The fact that Norwegian pioneer Batteriretur Høyenergi has cut battery-recycling costs by two thirds over the past few years is irrefutable proof that there is a lot to be gained. While pyrometallurgy is still acknowledged as the go-to method for battery recycling, the emerging hydrometallurgy is showing a lot of promise. “Currently, we recover over 70 per cent of raw materials from batteries, but with new technologies this could in future be ramped up to 90 per cent,” says Janet Kes, Batteries Manager at ARN. Direct recycling is also making its presence felt. This is a method in which the working cathode particles of the battery are recovered without the need for complicated additional processes and steps. It became evident during the IARC that Botree is a forerunner in this. “Compared to traditional separation methods, our technique calls for a 30 per cent lower investment, uses 10 per cent less energy and delivers a recycling yield that is between 5 and 20 per cent higher,” said guest speaker Xiao Lin of Botree.
“Currently, we recover over 70 per cent of raw materials from batteries, but with new technologies this could in future be ramped up to 90 per cent”
#4 More stringent regulations – but uncertainty remains
There’s no doubt that legislation and regulations governing battery recycling are becoming increasingly stringent. By 2025, at least 65 per cent of used lithium batteries must be recycled, increasing to 70 per cent in five years.
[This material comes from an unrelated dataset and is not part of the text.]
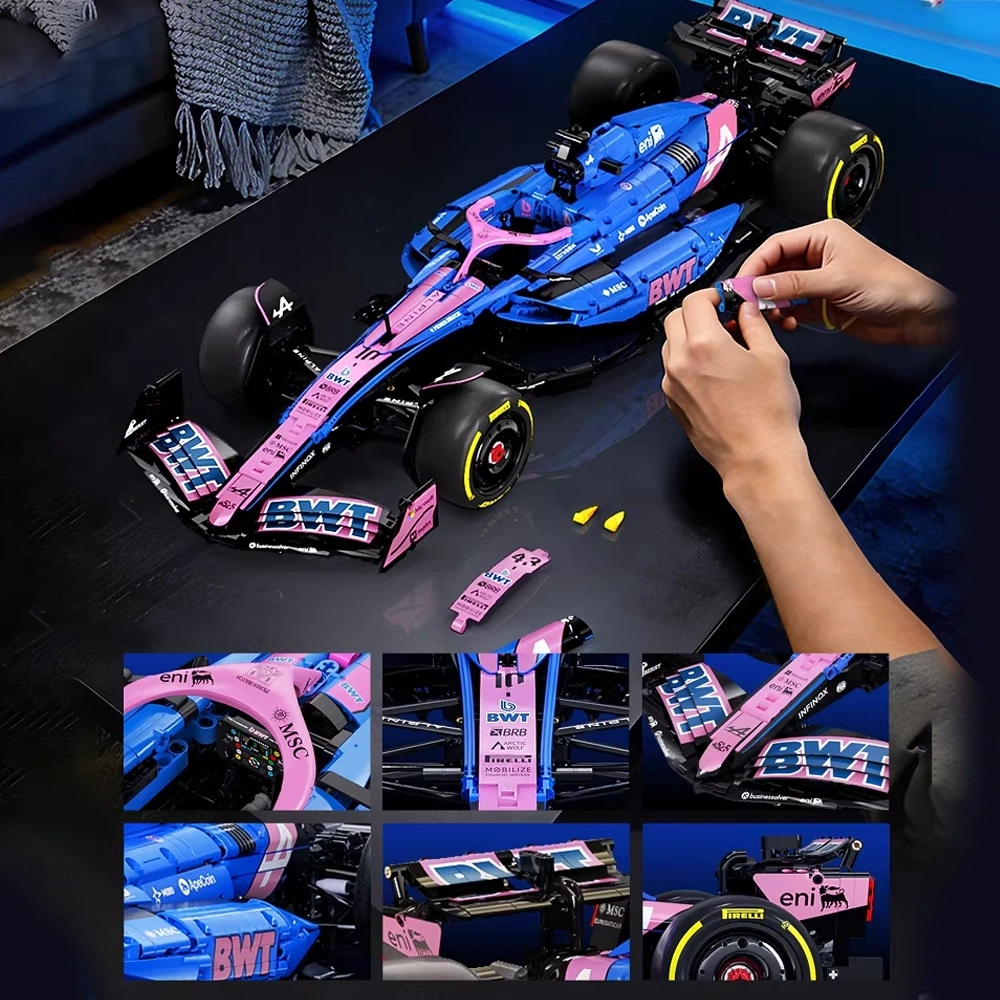 CaDA C64012 BWT ALpine Formula One Team A525 Technic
And from 2050, a new EV battery must consist of no less than 40 per cent recycled materials, rising to 55 per cent from 2070 if the EU gets its way. But despite all this there remains a substantial element of uncertainty, cautions Lee Butler. “Before making any investments, the relevant policy needs to be as definite as possible,” he reasons.
#5 More end-of-life batteries call for more safety measures
According to Lee Butler, the number of fires in battery-processing centres has increased significantly during the past few years. There were over 60 known cases in the US in 2019 and 2020, many more than in the preceding years. This increase has everything to do with the growing number of (EV) batteries being processed by these companies, a trend that will continue to rise quickly during the years ahead. EV-battery-processing centres will therefore have to prepare for the risks associated with lithium-ion batteries that are full of flammable electrolyte. Johan van Peperzeel of the collector of end-of-life batteries of the same name is only too aware of the dangers. “Waste batteries constitute a potential risk, so you don’t want to expose them in the open. When batteries arrive with us, they are placed in a container equipped with an extinguishing system and automatic reporting to the fire brigade.” In this way Van Peperzeel is ahead of the curve regarding the upcoming PSG-37 on the storage of lithium-containing energy carriers.